Reading the instructions under this repo: Google Cloud Storage and BigQuery connectors I followed the below initialization action to create a new Dataproc cluster with a specific version of Google Cloud Storage and BigQuery connector installed:
gcloud beta dataproc clusters create christos-test \
--region europe-west1 \
--subnet <a subnet zone> \
--optional-components=ANACONDA,JUPYTER \
--enable-component-gateway \
--initialization-actions gs://<bucket-name>/init-scripts/v.0.0.1/connectors.sh \
--metadata gcs-connector-version=1.9.16 \
--metadata bigquery-connector-version=0.13.16 \
--zone europe-west1-b \
--master-machine-type n1-standard-4 \
--worker-boot-disk-size 500 \
--image=<an-image> \
--project=<a-project-id> \
--service-account=composer-dev@vf-eng-ca-nonlive.iam.gserviceaccount.com \
--no-address \
--max-age=5h \
--max-idle=1h \
--labels=<owner>=christos,<team>=group \
--tags=allow-internal-dataproc-dev,allow-ssh-from-management-zone,allow-ssh-from-management-zone2 \
--properties=core:fs.gs.implicit.dir.repair.enable=false
As you should be able to see, I had to add the external dependencies in a bucket of my own under: gs://init-dependencies-big-20824/init-scripts/v.0.0.1/connectors.sh.
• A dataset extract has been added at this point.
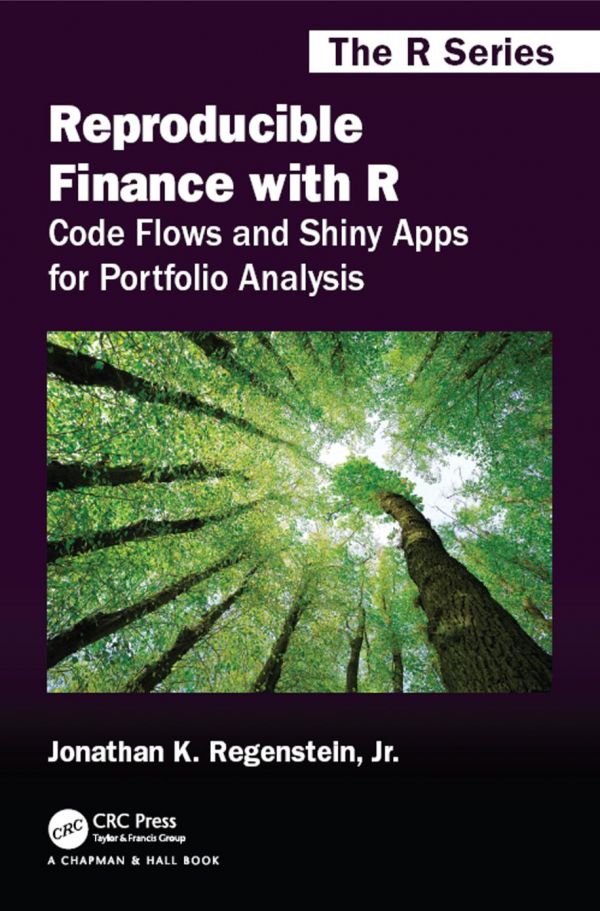 Reproducible Finance With R Code Flows And Shiny Apps For Portfolio Analysis Jonathan K Regenstein Jr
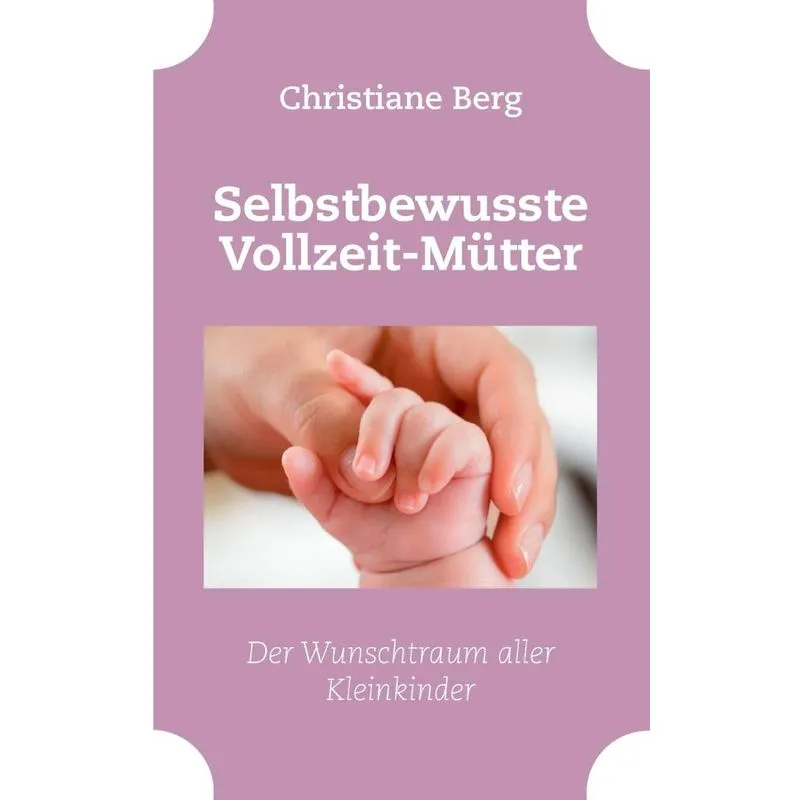 Selbstbewusste Vollzeit-Mütter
As per the scipt's instructions (I am referring to the connector.sh script), I also had to add the following jars in this bucket:
- gcs-connector-hadoop2-1.9.16.jar
- gcs-connector-1.7.0-hadoop2.jar
- gcs-connector-1.8.0-hadoop2.jar
- bigquery-connector-hadoop2-0.13.16.jar
The script works fine and the cluster is created successfully. However, using a PySpark notebook through Jupyter still results in a BigQuery "class not found" exception. The same happens when I run PySpark directly from the terminal. The only way I was able to avoid that exception is by copying another jar (this time spark-bigquery_2.11-0.8.1-beta-shaded.jar) in my cluster's master node and starting PySpark with:
pyspark --jars spark-bigquery_2.11-0.8.1-beta-shaded.jar
Obviously, this beats the purpose.
What am I doing wrong? I thought about changing the connector.sh script to include another copy function so copy spark-bigquery_2.11-0.8.1-beta-shaded.jar under /usr/lib/hadoop/lib, so I tried to just copy this jar there manually and start PySpark but this still didn't work...